One of the most universally shared attitudes is that the scab is a wretched character. He is unscrupulous and sneakily in league with the “boss.” Together, scab and boss plot to deprive union workers of their rights, and of the jobs that are legitimately theirs. Scabs are hired to force union workers to accept lower wages. When it becomes known that scabs are also used to beat up union workers and pickets, the case is virtually complete—the scab is the greatest enemy of the worker.
These are the facts that are taught in many of our centers of learning, to be challenged only at the risk of one’s reputation as a scholar. Nevertheless, this flummery must be refuted.
The first point to establish is that a job is not a thing which can be owned by a worker—or by anyone else. A job is the manifestation of a trade between a worker and an employer. The worker trades his labor for the money of the employer, at some mutually agreeable rate of exchange. So when we speak of “my job,” we are only talking figuratively.
Although we are in the habit of using such phrases as “my job,” “my customer,” and “my tailor,” we do not presume ownership in any of these instances. Take first the case of “my customer.” If this phrase were taken literally, it would denote that the merchant has an ownership right over the “custom” of the people who habitually buy from him. He would own the customer’s patronage and he would, therefore, have a right to object if “his” customer patronized another merchant.
The sword cuts both ways. Let us take the case of “my tailor.” If we were to take this phrase literally, we would have to say that the tailor may not shut down his shop, relocate, or declare himself bankrupt, without the permission of the customers. He is “their” tailor.
In both these cases, of course, it is clear that the possessive pronoun is not meant to imply literal possession. Clearly, neither buyer or seller has the right to insist upon the permanence of a business relationship, unless of course, a long-term contract has been agreed upon by both parties. Then, and only then, would the merchant and the customer have the right to object if either party ended the relationship without the consent of the other.
Now let us consider “my job.” What is the worker implying when he objects to the scab taking “his” job away? The worker is arguing as though he owned the job. He is, in other words, assuming that service, after a certain period of time, obligates the employer to the employee as strictly as if they had agreed to a contract. But in fact, the employer has never obligated himself contractually.
One wonders how the workers would react if the principle upon which their anti-scab feeling is based were adopted by the employer. How would they feel if employers assumed the right to forbid long-term workers from leaving their employment? What if he accused another employer who dared to hire “his” worker of being a scab! Yet the situation is entirely symmetrical.

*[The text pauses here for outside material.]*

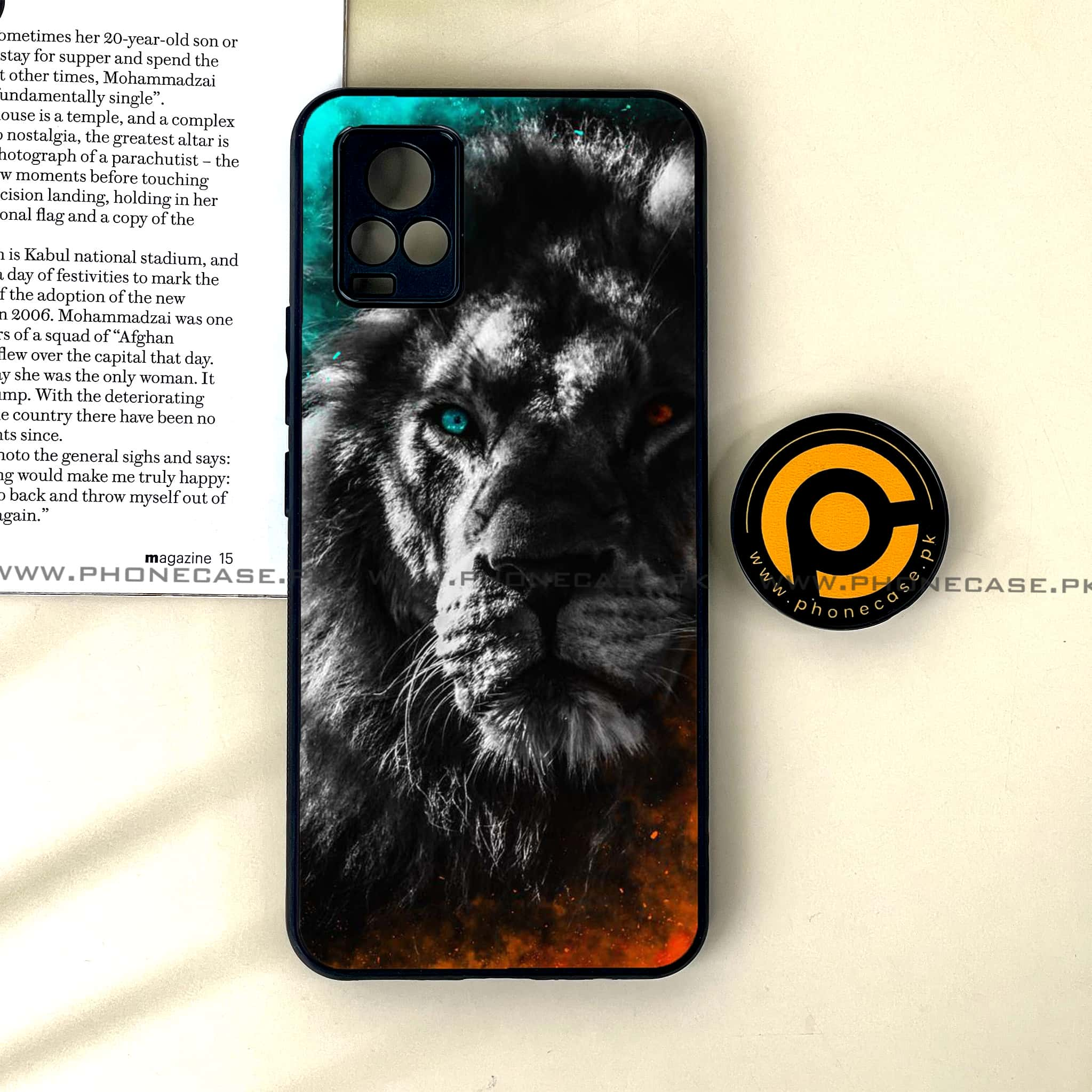 Vivo V20 - Tiger Art Series - Premium Printed Glass soft Bumper shock Proof Case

Clearly, there is something wrong with an argument which asserts that once people voluntarily agree to trade, they are thereafter compelled to continue to trade. By what shift in logic is a voluntary relationship converted into a strictly involuntary relationship? Hiring an individual does not imply slave-holding rights over that person, nor does having worked for an employer give one the right to a job. It should be evident that the worker never “owns” the job, that it is not “his” job. The scab, therefore, is guilty of no irregularity when he takes the job which the worker formerly held.
The issue of violence between workers and scabs is a separate issue. The initiation of violence is condemnable, and when scabs initiate violence, they deserve our censure. But the initiation of violence is not their defining characteristic. When they engage in it, they do so as individuals, not as scabs qua scabs. Milkmen, after all, sometimes go berserk and commit aggression against nonaggressors. No one would take this as proof that the delivery of milk is an intrinsically evil enterprise. In like manner, the use of illegitimate violence on the part of scabs does not render the enterprise of scabbing illegitimate.
In recent times, the muddled and inconsistent thinking about scabs has become increasingly evident. Liberals, traditionally most vociferous in denouncing scabs, have of late shown signs of confusion on this issue. They have come to realize that in virtually all cases the scabs are poorer than the workers they seek to replace. And liberals have almost always championed the poor worker. Also, the specter of racism has been raised. In many cases, black scabs have been pitted against white (unionized) workers, Mexican workers against Mexican-American workers, Japanese workers against higher paid American workers.
The Ocean Hill-Brownsville decentralization school board clash in Brooklyn, New York, is a dramatic case in point. Under the local school board system, Rhody McCoy, the black school board administrator, fired several white teachers for alleged racist behavior toward their young black pupils. In response, the white dominated United Federation of Teachers Union struck the entire New York City educational system, including Ocean Hill-Brownsville. If the black Ocean Hill-Brownsville school district was to continue to function, unit administrator McCoy would have to find replacements for the striking white teachers. He did, and they were, naturally, scabs. Hence, the quandary faced by the liberals: on the one hand, they were unalterably opposed to scabs, but on the other hand, they were unalterably opposed to the racism of the United Federation of Teachers. Clearly, there was more heat than light in their attitudes.
Scabs obviously have been unjustly maligned. Employment does not give the employee any proprietary privileges closed to workers who wish to compete for the same job. Scabbing and free competition are opposite sides of the same coin.